— Exercise details —
With the pictures excluded, repeat every entry exactly.

[Extracted entries — start]

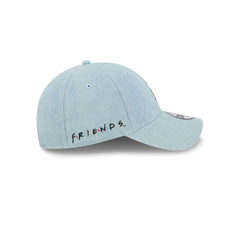 Friends Denim 9TWENTY Adjustable Hat
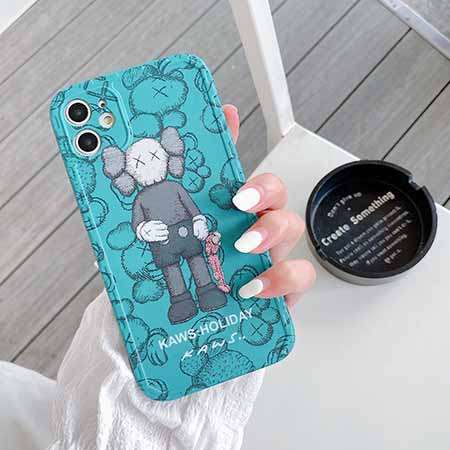 Kaws カウズ iphone12スマホケース 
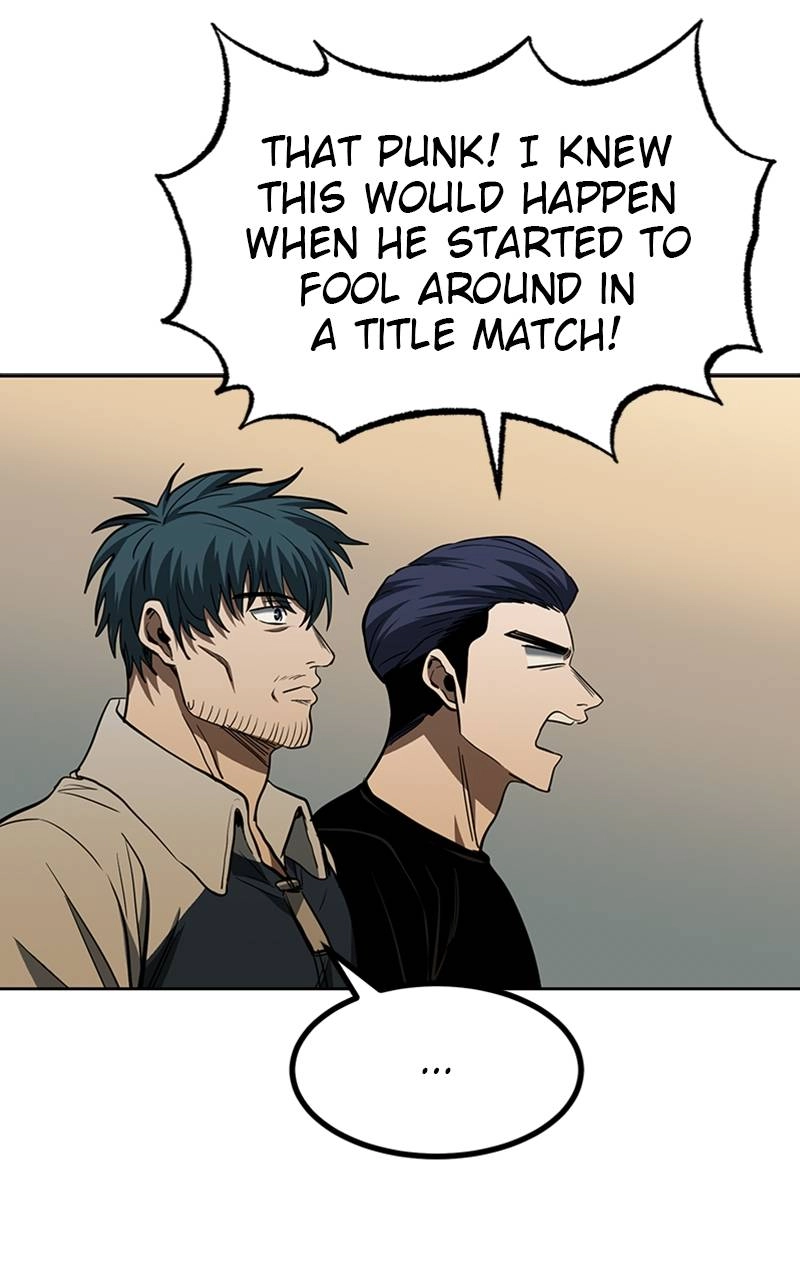 King of the Octagon Chapter 60 - Page 30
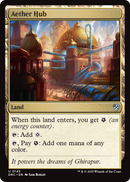 Aether Hub (DRC-145) [Commander: Aetherdrift]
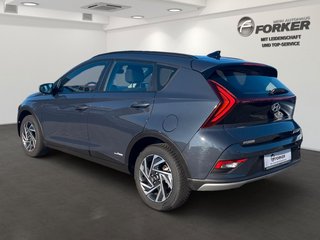 Hyundai BAYON FL Trend Automatik Navi LED Allwetter - foto 4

[Extracted entries — finish]

— Answer space —
 Friends Denim 9TWENTY Adjustable Hat
 Kaws カウズ iphone12スマホケース 
 King of the Octagon Chapter 60 - Page 30
 Aether Hub (DRC-145) [Commander: Aetherdrift]
 Hyundai BAYON FL Trend Automatik Navi LED Allwetter - foto 4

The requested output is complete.